• [EXERCISE GOAL]
Each entry must be output once more without any change.

• [DATA PROVIDED]
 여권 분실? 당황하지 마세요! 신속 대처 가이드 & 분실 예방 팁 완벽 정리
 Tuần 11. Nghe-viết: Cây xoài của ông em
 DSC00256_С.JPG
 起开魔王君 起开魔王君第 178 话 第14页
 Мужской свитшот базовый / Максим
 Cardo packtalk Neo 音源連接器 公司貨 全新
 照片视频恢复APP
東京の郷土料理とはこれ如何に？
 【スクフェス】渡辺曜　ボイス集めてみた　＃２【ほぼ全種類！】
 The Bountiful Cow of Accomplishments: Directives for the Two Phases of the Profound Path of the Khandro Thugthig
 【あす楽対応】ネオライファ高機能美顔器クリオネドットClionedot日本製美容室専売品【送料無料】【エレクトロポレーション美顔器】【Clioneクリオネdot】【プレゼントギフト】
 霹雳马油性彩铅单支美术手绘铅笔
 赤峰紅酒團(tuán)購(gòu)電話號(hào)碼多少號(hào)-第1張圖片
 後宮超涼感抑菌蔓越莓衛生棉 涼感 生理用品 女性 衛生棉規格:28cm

• [TASK ANSWER]
 여권 분실? 당황하지 마세요! 신속 대처 가이드 & 분실 예방 팁 완벽 정리
 Tuần 11. Nghe-viết: Cây xoài của ông em
 DSC00256_С.JPG
 起开魔王君 起开魔王君第 178 话 第14页
 Мужской свитшот базовый / Максим
 Cardo packtalk Neo 音源連接器 公司貨 全新
 照片视频恢复APP
東京の郷土料理とはこれ如何に？
 【スクフェス】渡辺曜　ボイス集めてみた　＃２【ほぼ全種類！】
 The Bountiful Cow of Accomplishments: Directives for the Two Phases of the Profound Path of the Khandro Thugthig
 【あす楽対応】ネオライファ高機能美顔器クリオネドットClionedot日本製美容室専売品【送料無料】【エレクトロポレーション美顔器】【Clioneクリオネdot】【プレゼントギフト】
 霹雳马油性彩铅单支美术手绘铅笔
 赤峰紅酒團(tuán)購(gòu)電話號(hào)碼多少號(hào)-第1張圖片
 後宮超涼感抑菌蔓越莓衛生棉 涼感 生理用品 女性 衛生棉規格:28cm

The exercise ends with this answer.